While reading through today’s 2013 Federal Budget, here’s the item that caught my eye:
Consultation on Graduated Rate Taxation of Trusts and Estates
Certain estates and trusts created by will (testamentary trusts) and inter vivos trusts created before June 18, 1971 (grandfathered inter vivos trusts) compute federal income tax on taxable income using the graduated tax rates applicable to individuals. Other trusts (ordinary inter vivos trusts) pay federal tax at a flat rate of 29 per cent, which is the highest federal tax rate for individuals.
The taxation of testamentary trusts and grandfathered inter vivos trusts at graduated rates allows the beneficiaries of those trusts to effectively access more than one set of graduated rates. This tax treatment raises questions of both tax fairness and neutrality in comparison to the treatment of beneficiaries of ordinary inter vivos trusts and taxpayers receiving equivalent income directly.

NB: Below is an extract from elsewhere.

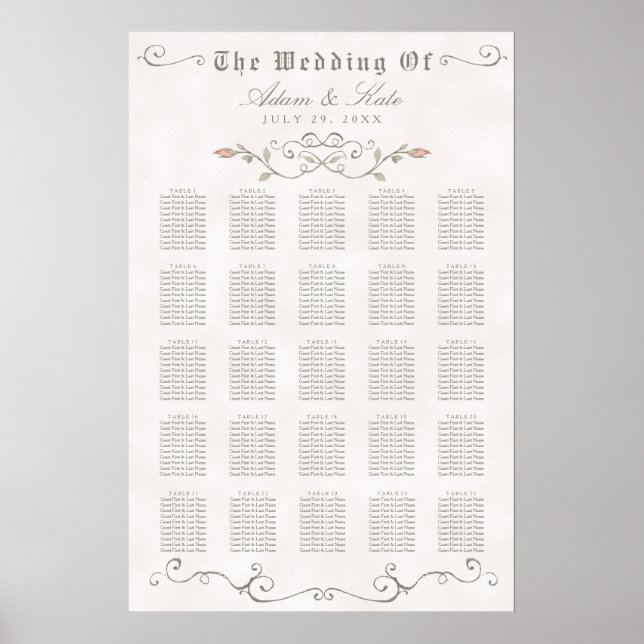 SITZUNGSGEBÜHR 201-250 | Elegante Beauty Wedding Poster (Vorne)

The Government is also concerned with potential growth in the tax-motivated use of testamentary trusts and the associated impact on the tax base. Current tax planning opportunities associated with the availability of trust-level graduated rates include the use of multiple testamentary trusts, tax-motivated delays in completing the administration of estates, and avoidance of the OAS Recovery Tax. Subjecting ordinary inter vivos trusts to tax at a high flat rate helps to prevent the tax-motivated use of these trusts.
Budget 2013 announces the Government’s intention to consult on possible measures to eliminate the tax benefits that arise from taxing at graduated rates grandfathered inter vivos trusts, trusts created by will, and estates (after a reasonable period of estate administration). A consultation paper will be publicly released to provide stakeholders with an opportunity to comment on those possible measures.

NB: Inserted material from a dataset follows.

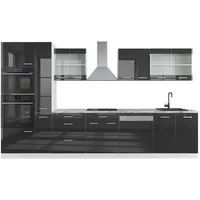 Vicco Küchenzeile R-Line 350 cm Anthrazit Hochglanz/Weiß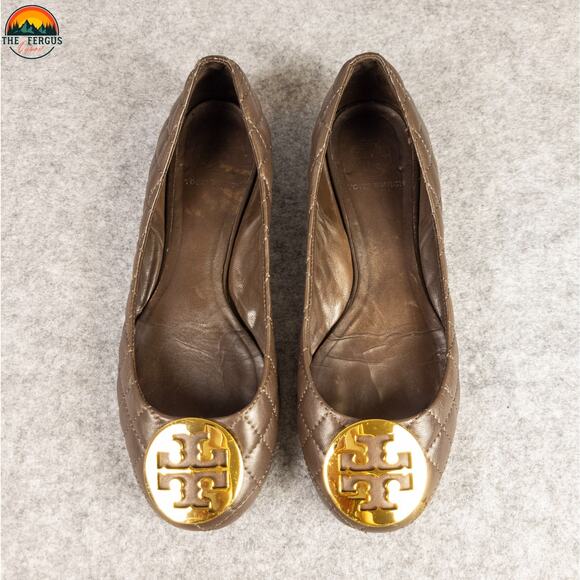 Tory Burch Quinn Ballet Flats Brown Leather Slip-On Quilted Women's Size 7.5 - Picture 5 of 14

This makes it sound like the only reason people create trusts in their wills is to allow beneficiaries to avoid paying their fair share of taxes.
In fact, there are many reasons for creating trusts in wills. For example, if you have a disabled child who cannot manage his or her own funds, or who will lose modest disability benefits if he or she receives and inheritance, you may want to leave part of your estate to a trustee to manage for the child. Or perhaps, you wish to provide for someone who has an addiction by appointing a trustee. Perhaps you have a child who just can’t seem to manage money. Depending on the terms you put in your will, the trustee may make payments out of income or capital as the trustee decides most benefits the beneficiary.

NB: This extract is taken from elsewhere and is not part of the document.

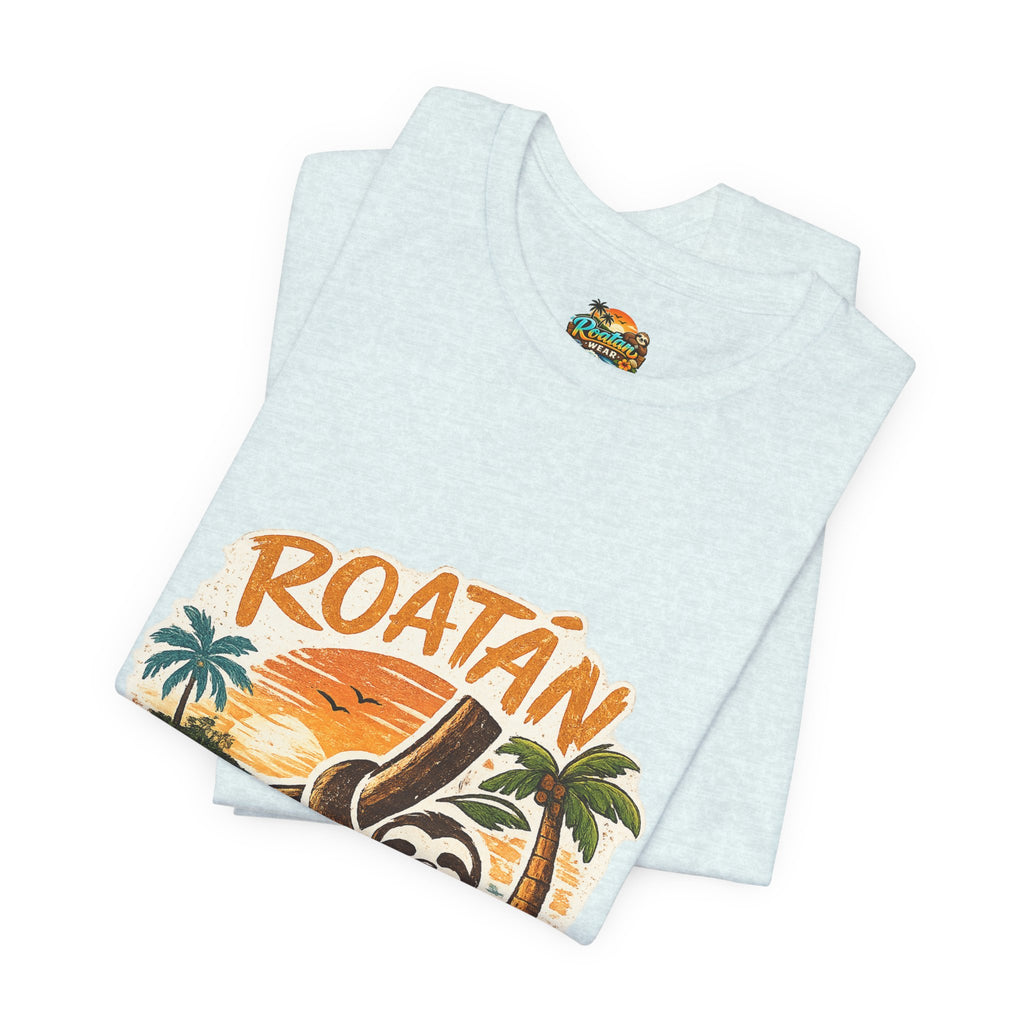 Roatán Island Escape T‑Shirt — Tropical Sloth Vacation Tee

If the trustee accumulates income, the income is taxed in the trust. Currently, in the case of trusts created in wills, income is taxed at graduated rates. This means that the rates are relatively low for lower amounts of income, and increase with higher levels of income. The tax rates work the same way as for individuals.
What the Harper government is proposing is to tax every dollar of income in a trust created by a will at the highest marginal rate, the rate only those individuals who earn over $135,000 a year pay, and then only on the amount exceeding $135,000. Now, 29 per cent might not seem that bad, but that is just the federal tax. When you add the provincial tax rates, the highest marginal rates vary depending on the Province from 39% (
Alberta) to 47% or 48 %
in some other provinces.
This means that if the Harper government implements this proposal and a trust created in a will earns say $5000 income that is not distributed to a beneficiary, in most provinces over $2000 will go to taxes. That still leaves close to $3000 but with that growth the trust fund may not even keep up with inflation.
To be sure, testamentary trusts are used for tax planning. Consider for example, a senior couple with pension and investment income. They may each receive and pay taxes on half of that income. Because of the graduated rates, their tax rates may be relatively low. Then the husband dies, and all of the pension and investment income is taxed in the hands of his widow, putting her into a higher marginal rate. If the husband had investments, and created a trust in his will to hold them for his widow, the investment income could under the current rules be taxed at a low rate in the testamentary trust (just as it had while he was still alive).
At this stage, the government is saying that it will consult before implementing this change. I hope so.